L'état d'urgence ne se dément pas. Il s'agit, notamment, de trouver les moyens de financer les 17 objectifs de développement durable pour 2015-2030 et qui doivent être adoptés par l'ONU à New York en septembre, dans le sillage des Objectifs du millénaire. Ces derniers «ont vraiment permis d'avancer, sur le sida, la santé maternelle ou la scolarisation», rappelle un délégué malaisien. Puis, fin novembre à Paris, pour qu'un accord à la COP 21 sur le climat s'esquisse, il faudra que soit mis sur les rails un fonds vert de 100 milliards de dollars (environ 90 milliards d'euros) par an à partir de 2020. Le tout se chiffre en trillions de dollars, jusqu'à 4 500 milliards d'aide supplémentaire par an, selon la Conférence des Nations unies sur le commerce et le développement (Cnuced). «Addis-Abeba est crucial parce que c'est bien de mettre beaucoup de mots sur les papiers, mais tout cela ne marchera pas si l'on ne s'accorde pas sur une façon de financer le tout, donc de mettre de l'essence dans le moteur de l'essor des pays les plus pauvres», confie la Néo-Zélandaise Helen Clark, du Programme des Nations unies pour le développement (Pnud).

Mais le carburant politique manque. Les ONG dénoncent le maintien des cercles restreints - OCDE, G8, G20, etc. - au détriment de consultations plus inclusives. Et déplorent toujours que l’aide publique au développement patine, à 0,29 % des revenus des pays riches. En 2002, la première Conférence sur le financement du développement avait rappelé le besoin de parvenir à 0,7 %, dont 0,15 % à 0,20 % pour les pays les plus démunis. Qui ne récoltent que 0,9 % de l’aide…

Fraudeurs. Comment éviter que les financements privés, aux bilans discutables («un hôpital public-privé au Lesotho vient d'absorber 51% du budget national de la santé», rappelle Oxfam), se substituent à l'aide publique ? En mobilisant davantage de ressources nationales. Mais voilà : «Pour chaque dollar reçu - sous forme d'investissements ou d'aide extérieure -, les pays en développement perdent environ 2 dollars, à cause de la fraude et de l'optimisation fiscales», déplore Christian Reboul, d'Oxfam.
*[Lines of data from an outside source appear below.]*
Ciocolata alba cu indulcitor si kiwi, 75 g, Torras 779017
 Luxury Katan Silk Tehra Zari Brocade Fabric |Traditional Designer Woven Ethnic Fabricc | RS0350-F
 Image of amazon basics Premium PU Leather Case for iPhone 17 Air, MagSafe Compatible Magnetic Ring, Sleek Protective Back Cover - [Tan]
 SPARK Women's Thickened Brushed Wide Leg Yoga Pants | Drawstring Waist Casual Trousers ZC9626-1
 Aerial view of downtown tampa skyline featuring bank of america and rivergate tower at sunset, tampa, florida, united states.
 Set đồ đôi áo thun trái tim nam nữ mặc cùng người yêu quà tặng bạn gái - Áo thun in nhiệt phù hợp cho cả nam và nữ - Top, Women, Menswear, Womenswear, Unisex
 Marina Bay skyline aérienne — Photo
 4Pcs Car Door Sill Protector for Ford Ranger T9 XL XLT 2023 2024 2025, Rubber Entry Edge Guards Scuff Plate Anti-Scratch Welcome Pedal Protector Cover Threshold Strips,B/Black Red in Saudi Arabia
Par le seul levier de l'optimisation fiscale, les pays du Sud perdent 100 milliards par an de revenus.

Du coup, le G77 (qui rassemble 133 pays en développement) comme les ONG plaident pour la création d'un organisme qui s'occuperait de fiscalité sous l'égide de l'ONU. Indispensable pour «une véritable justice fiscale au niveau mondial, alors qu'il existe une organisation internationale pour s'occuper du tourisme et une union postale universelle», résume Antonio Gambini, du CNCD-11.11.11, une ONG belge. Mais les pays riches n'en veulent pas.

«On est sur le point d'aboutir à un accord révolutionnaire pour réformer le système de taxation international, malgré la pression de multinationales», nous explique ainsi Angel Gurria, le patron de l'OCDE, le club des pays riches. L'institution lançait ce lundi, avec le Pnud, un programme pour aider à mieux chasser les fraudeurs : «Inspecteurs des impôts sans frontières». «Bien, mais anecdotique», réplique Lucie Watrinet, du CCFD-Terre solidaire, qui dénonce les pressions de pays donateurs sur l'Inde pour qu'elle rentre dans le rang.

En parfait homme de synthèse (molle), le secrétaire général de l'ONU, Ban Ki-moon, a appelé les délégués à la «flexibilité» et au «compromis» : «Laissons de côté ce qui nous divise et nos intérêts particuliers pour travailler ensemble au bien-être commun de l'humanité. C'est le temps de l'action globale pour les peuples, pour la planète.» Le problème : tout le monde n'a pas la même conception de l'urgence. Ni les mêmes intérêts.